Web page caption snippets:
- - - -

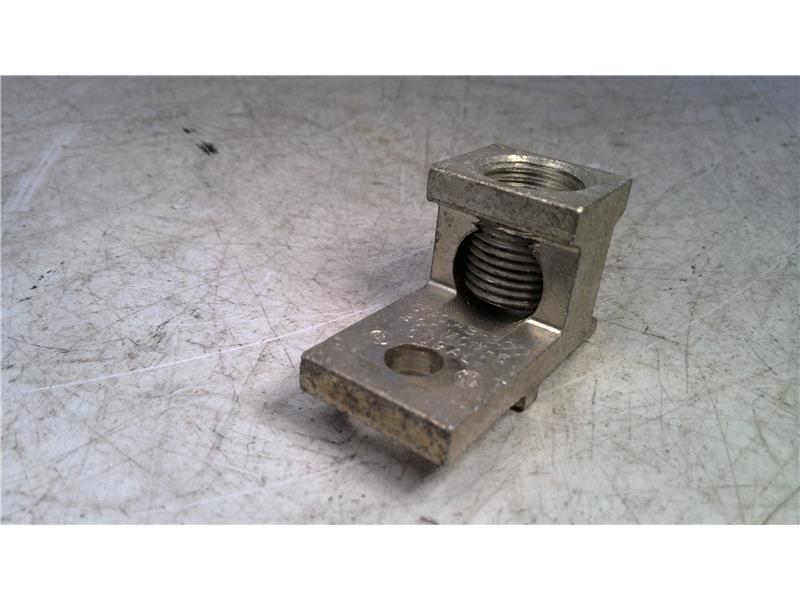 CLEVELAND MOTION CONTROL AB-300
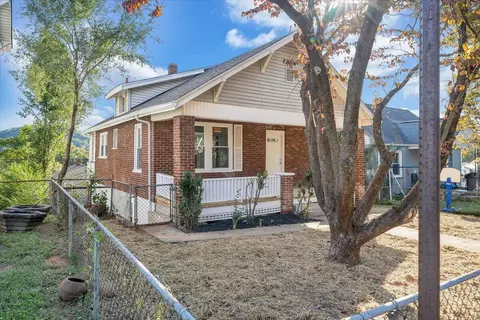 1007 Morehead Ave SE, Roanoke, VA 24013 photo 33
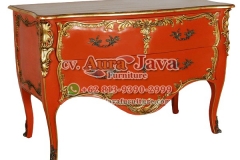 indonesia chest of drawer french furniture 007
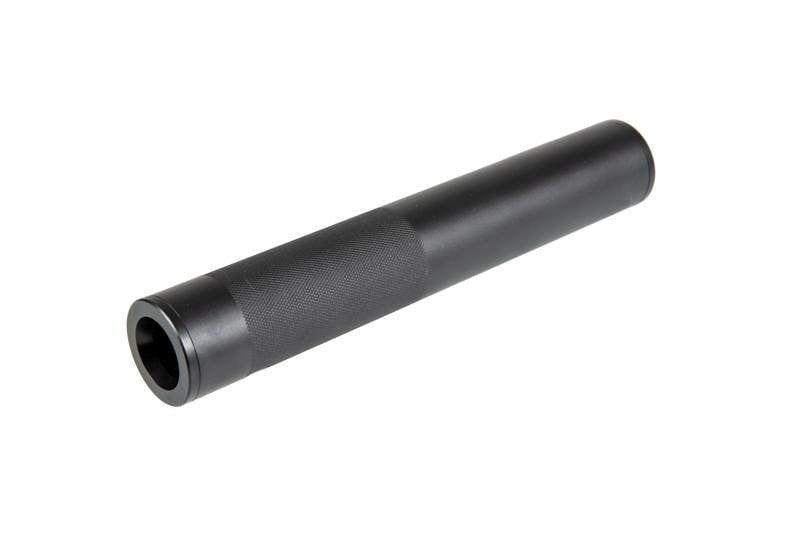 Silencer for 3201-S Sniper Rifle Replicas and Similar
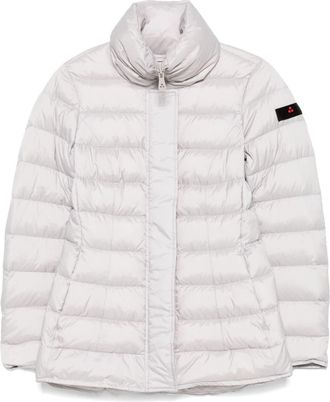 Peuterey Flagstaff Down Jacket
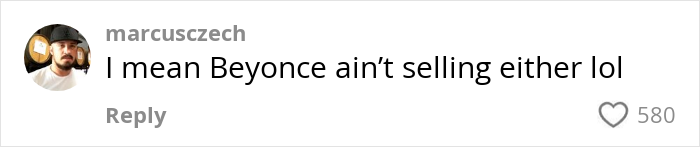 Katy Perry Just Launched Her Tour And Became An Internet Laughing Stock Immediately After Katy Perry Just Launched Her Tour And Became An Internet Laughing Stock Immediately After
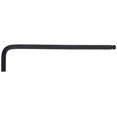 thumbnail image 2 of Bondhus 116-10910 0,18 in. L-Clé Balldriver - Pack de 10, 2 of 3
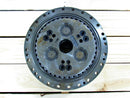 Kawasaki Cyclo Reduction Gear JT3 60217-1020 *New No Box*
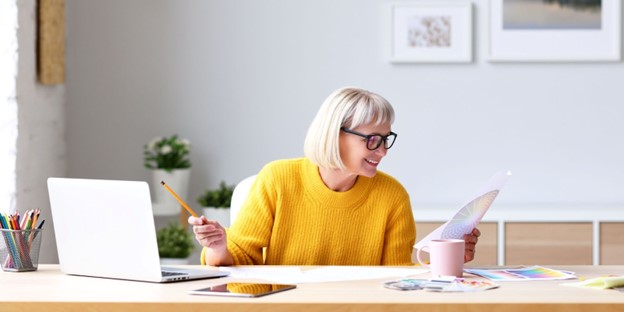 23 Genius Adaptive &amp; Assistive Tools To Make Everyday Life Easier For Seniors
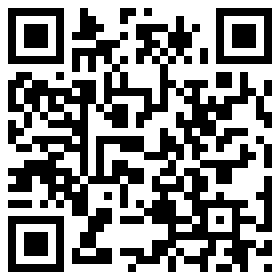 qrcode für Delock 63110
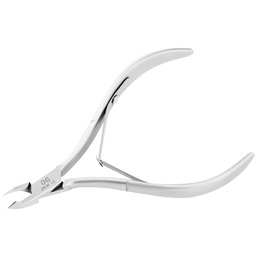 OCHO PRO CĄŻKI 06 JAW12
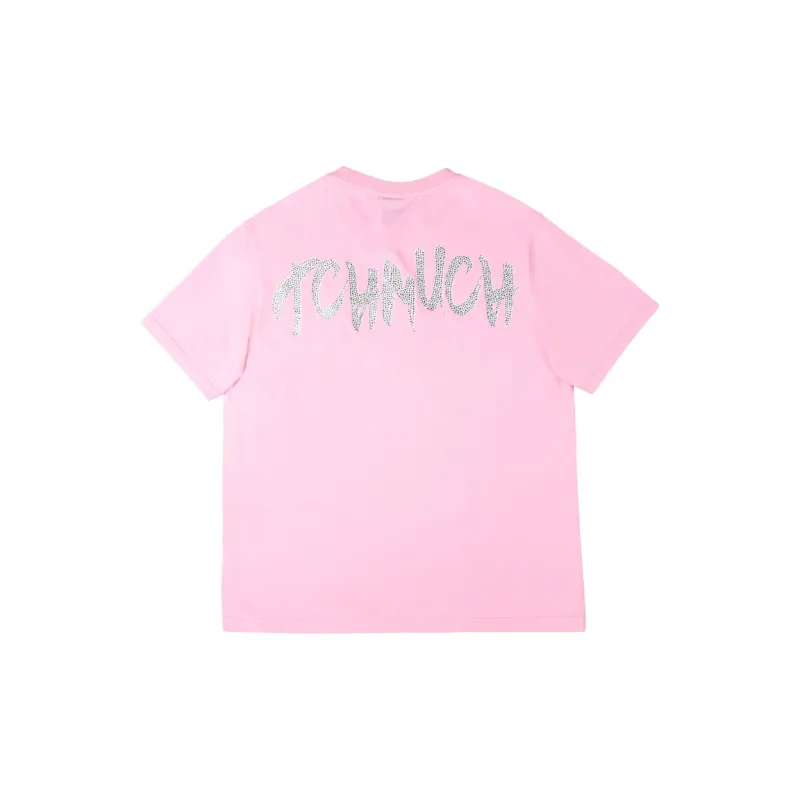 TCH T Shirts Unisex-1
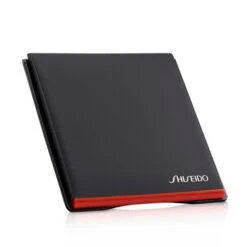 Shiseido InnerGlow CheekPowder - # 03 Floating Rose (Pink) 4g -Shiseido 23421981402 1 FULL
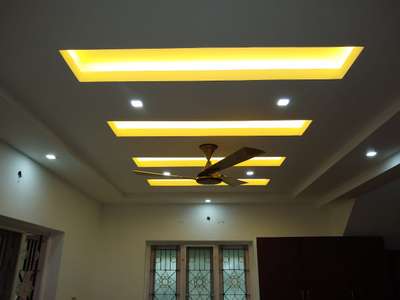 gypsum work 9961231844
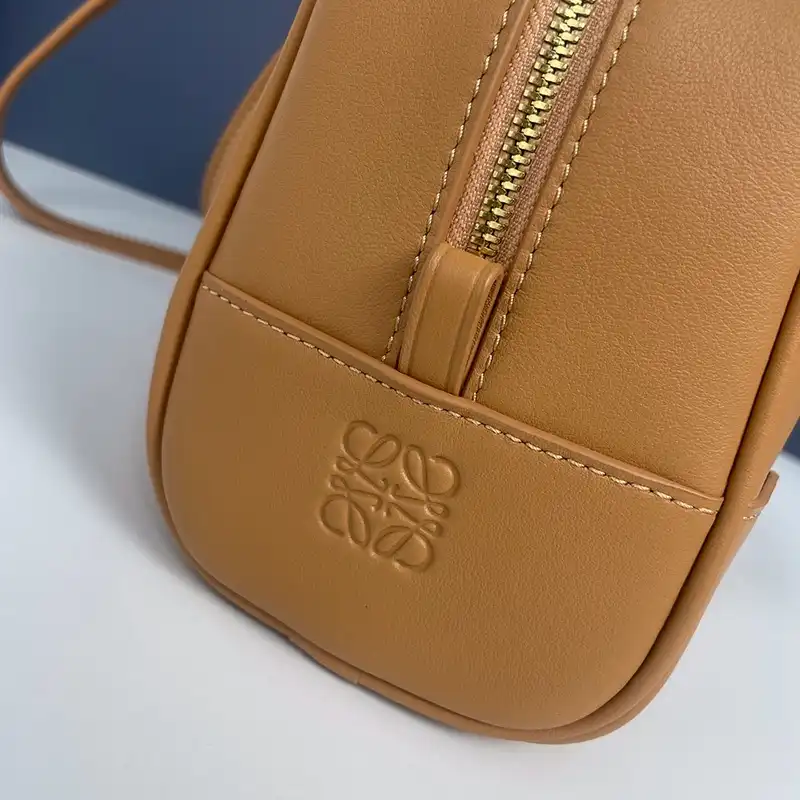 L0ew* bags 2408ya0225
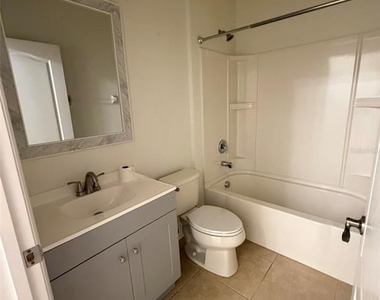 3503 Pixie Lane - Photo Thumbnail 34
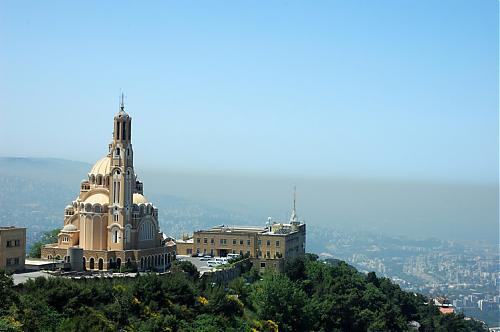 church-beirut.jpg‏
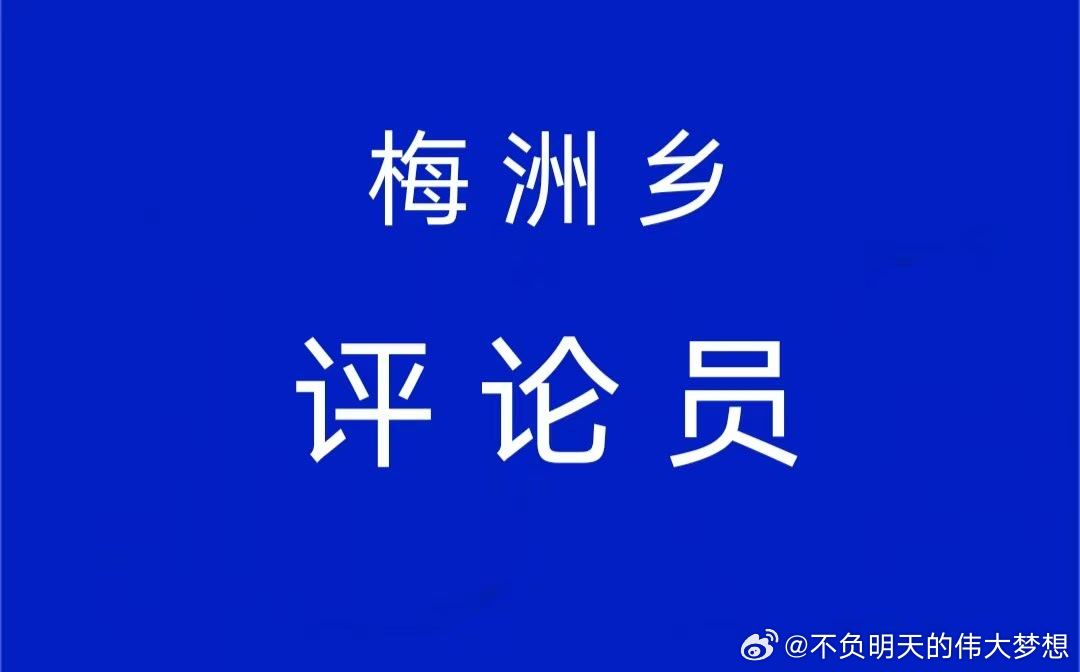 评论我为群众办实事 现实中，有些党员、干部总盯着“大项目”，走访入户嫌琐碎，调解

- - - -

> **ACTION ITEM**:
Your task is to set down exactly the lines that run from the line holding "Shiseido InnerGlow CheekPowder" through the close of the entries, including both ends. Pictures stay out.

> **PROBLEM SOLUTION**:
 Shiseido InnerGlow CheekPowder - # 03 Floating Rose (Pink) 4g -Shiseido 23421981402 1 FULL
 gypsum work 9961231844
 L0ew* bags 2408ya0225
 3503 Pixie Lane - Photo Thumbnail 34
 church-beirut.jpg‏
 评论我为群众办实事 现实中，有些党员、干部总盯着“大项目”，走访入户嫌琐碎，调解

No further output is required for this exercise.